GC: What is the funniest thing that has happened to the band on stage?

DCB: Well, it's a toss-up. I mean, Josh Terry showing up in a tight mini skirt, tank top, make-up and wig and challenging Michael to a bull riding competition (Michael won) was a big one! But I believe our favorite was when Donny Rowell got soaked unloading the band trailer during set-up and had to take the stage in a fishing shirt, khaki shorts, and flip flops. Straight out of the gate, he got asked to sing Dinosaur. Just as he finished, and all 200 people noticed what he was wearing, the owner, Gerry, pops out over the house system, "I don't think Hank done it that way," and the whole bar cracked up and sent Fireball shots to the stage. That was our favorite funny moment!

GC: Where do you see country music going in the next few years?

DCB: I see the boundaries shifting a little back to the 90s and more traditional sound. I mean, our crowd seems to be a very diverse following. We have folks from all races and ages follow the page and speak up for what they want to hear. Our set list is a real hodgepodge, and that's where I see it going to survive. You have to keep people in the venues drinking and having fun, and that requires more than G, C, Em, D. People know what they want to hear. What's selling on downloads is what you HAVE to cover, but you have to balance that with not letting your four-hour show sound like one continuous song that sounds the same. I have faith someone is gonna come fill the shoes of the greats and give us something to cover! If not, our originals will!

GC: Since Georgia has lost almost ALL her country bars. Why do you think we have seen most of them close over the last several years?

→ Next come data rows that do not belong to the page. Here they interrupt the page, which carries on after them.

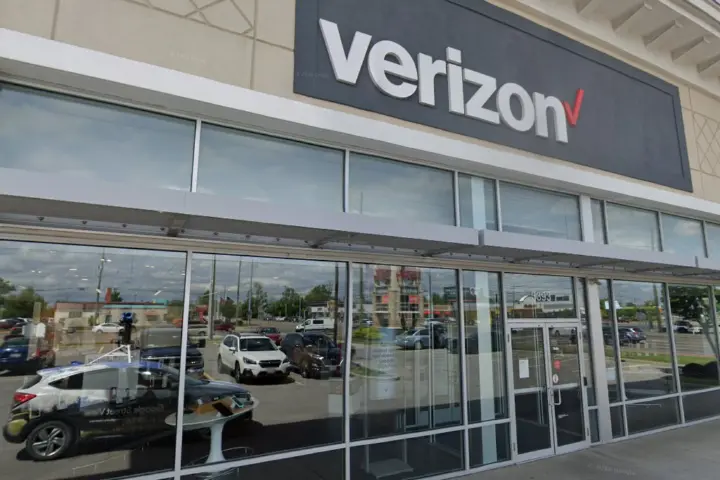 Walden Ave (Verizon)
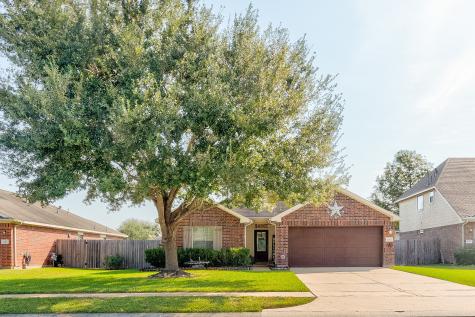 7023 Crescent Moon Drive Hitchcock TX 77563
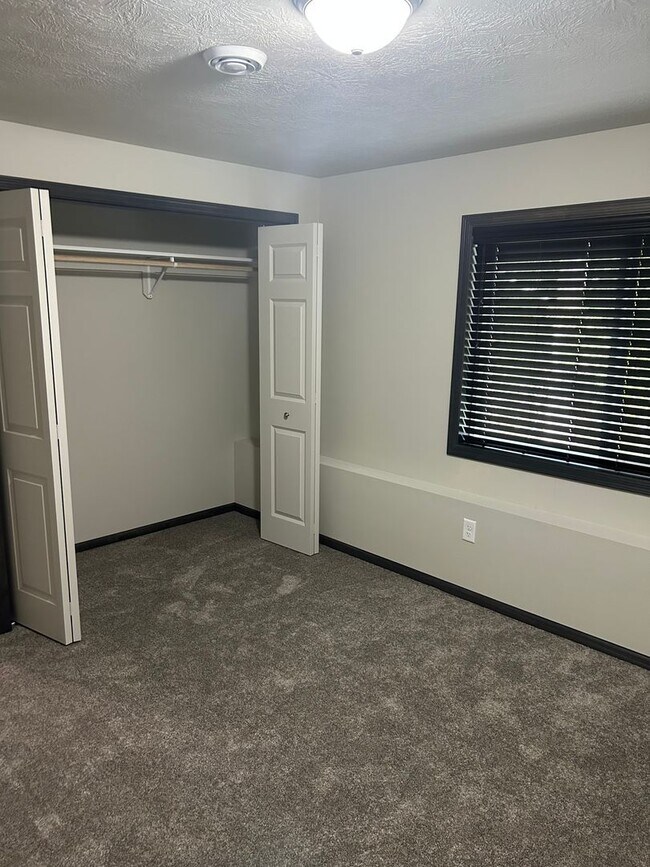 Building Photo - 4 bed 3 bath Townhome For Rent!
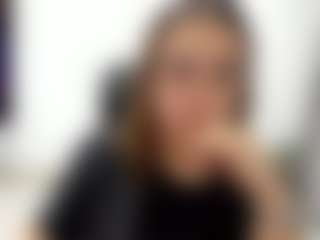 Live cam show with Dulce Maria - Handjob on Free Soda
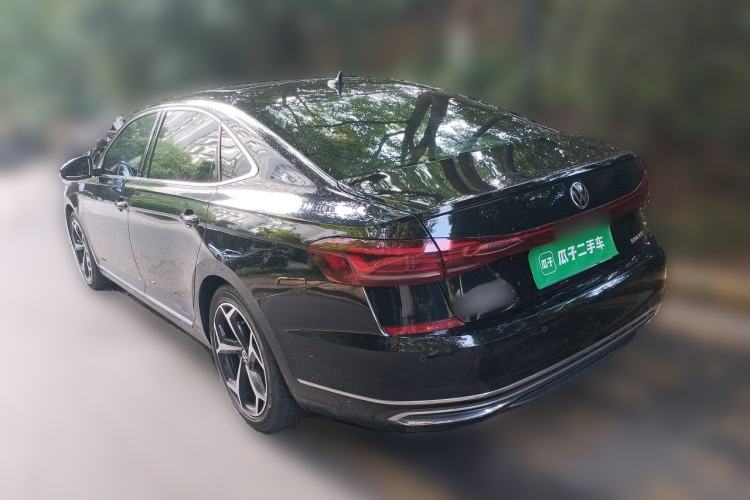 Used Volkswagen Passat 2023 330TSI Starry Elite Edition Rear Left 45 Deg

DCB: DJs and Karaoke took Wednesday and Thursday nights from the live performers. Then, after a few weeks, it's the same karaoke singers singing the same songs, the DJ plays the same set lists, and people get bored. The owners cut the band nights to Friday and Saturday, and a lot of the unique bands just felt like it wasn't worth it to travel anymore and stopped playing the places. Now you have the local guys playing the same bars and the same set lists over and over. They share and borrow players, and, to me, it shows in the set lists. If you go to ten bars and listen to ten bands, 80% of the set lists are the same because they share musicians and they are generically playing together. People get tired of seeing the same people and hearing the same stuff. It's a delicate ecosystem, and you have to be careful to not let it die or stagnate! The bars have to offer a safe space and a fun environment.

GC: Does the band have any goals for the rest of 2019?

DCB: We want to record some of our originals, play the Georgia Country Awards show and have as much fun as we can with as many friends and fans as we can! We want to thank you guys for listening and were honored to share a little about us with you guys! Thanks for reading!